Clearly, Mr. Nave’s working for such a company as a “bookkeeper” or as a “mere janitor” would not be an infringement of his contractual restriction, since by so doing he would not be “ * * * engag(ing), assist(ing) or hav(ing) any active interest in any (such) business. * * * ”

Id. at 623 n.2.

While these cases involve the first uses of a “janitor” as the test case job, they are not the first instances in which the concept behind the “janitor rule” has been used.

For example in a 1963 case Georgia Supreme Court case, Dixie Bearings, Inc. v. Walker, 133 S.E.2d 338 (1963), the court rejected a covenant that prohibited the employee “from engaging as an owner, partner, or otherwise or becoming associated as an officer, employee, agent or otherwise in any business competitive with the plaintiff . . . .” Id. at 341 (emphasis in original). The court based its decision on the fact that “[u]nder these provisions the defendant would be prevented from accepting employment as a truck driver, nightwatchman or any other position which might be totally unrelated to trade secrets or sales to customers.” Id.

Interestingly, in a 1969 case in the United States Court of Appeals for the 5th Circuit, Water Services, Inc. v. Tesco Chemicals, Inc., 410 F.2d 163 (1969), the court reviewed Dixie Bearings, but applied the reasoning of a later Georgia case (Baxley v.
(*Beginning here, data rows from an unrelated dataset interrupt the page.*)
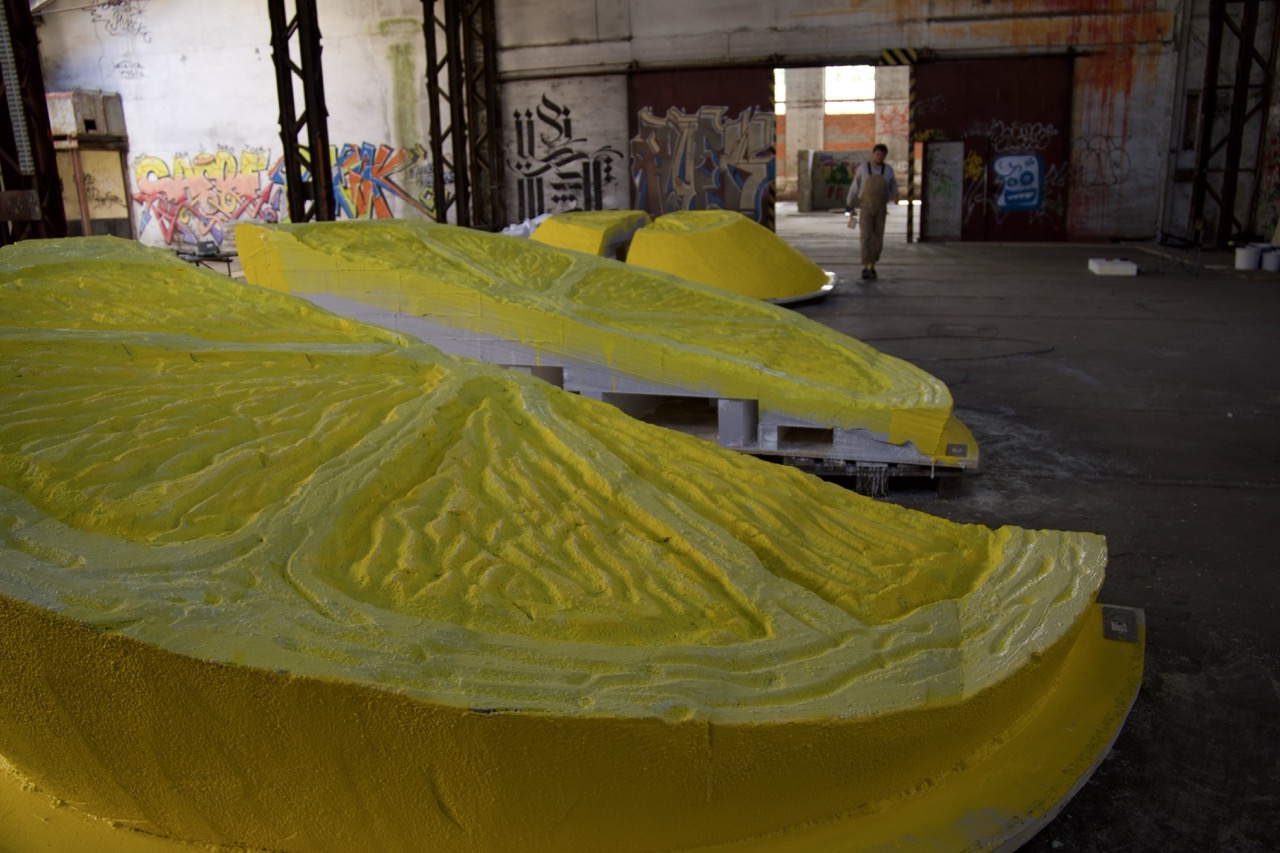 Mehrere große, gelb gestrichene 3D-Zitronenformen liegen in einer industriellen Halle mit Graffiti im Hintergrund und werden für den Einsatz im Mural vorbereitet.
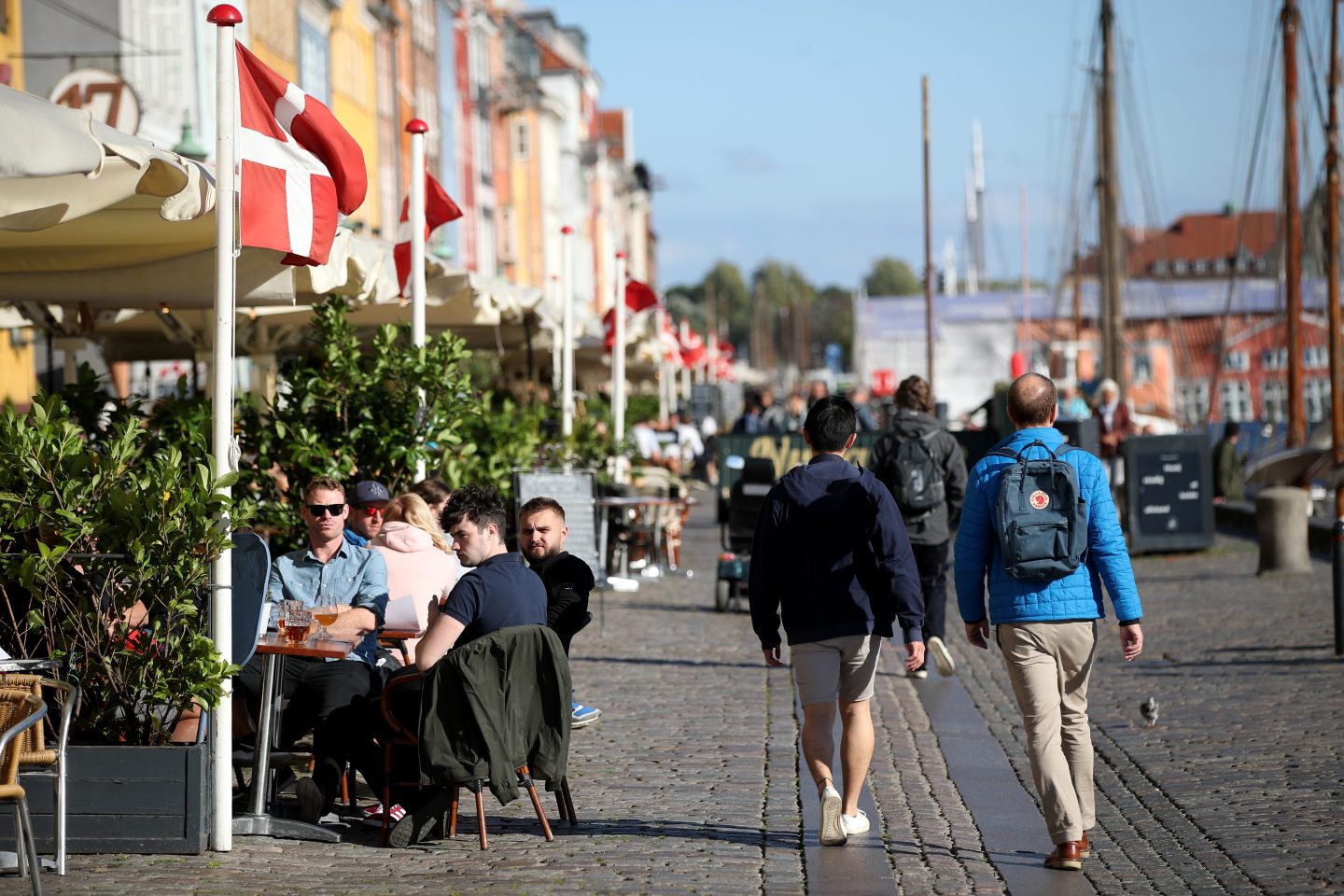 People sit and enjoy drinks in the sunshine at Nyhavn, a waterfront, canal and entertainment district in Copenhagen, Denmark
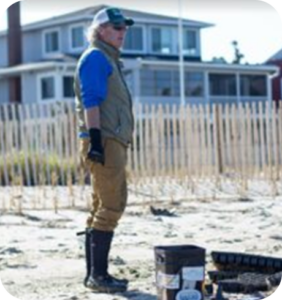 a man standing in the sand with his boots on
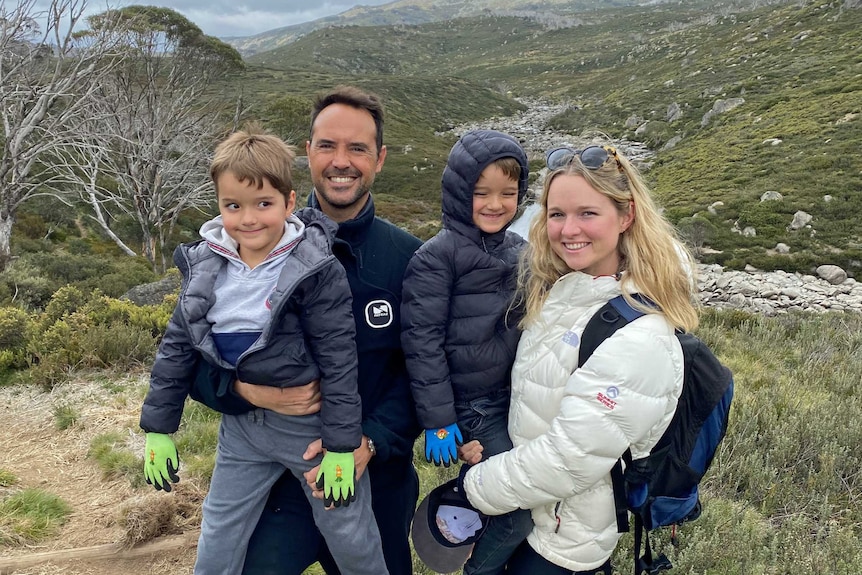 Millie and Massimo di Maio with their children with green mountains in the background.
Black, 162 S.E.2d 389 (1968)) to reverse District Court’s finding in Walter Services that the restriction was “invalid and unenforceable on the ground that the provision was ‘unreasonably indefinite’ as to ‘the nature, kind and character of the activities prohibited by the contract’ [because it] ‘contemplates’ . . . ‘any activity for any competitor whether it relates to the functions and duties of the original employment or not, whether as a truck-driver, bookkeeper, custodian or as an executive or salesman’.” Id. at 167.


Origins of the “janitor rule” aside and how a court is to handle overly broad restrictions (i.e., through application of the red pencil rule, blue pencil rule, or reformation), these cases reflect the simple principle that the prohibited type of work is to be narrowly drawn (even if left to the court to figure out) to align with the protection of the legitimate business interests.

The key takeaway is that whether drafting restrictive covenants, enforcing them, or defending against them, the parties should all be cognizant of the janitor rule and act and advise accordingly.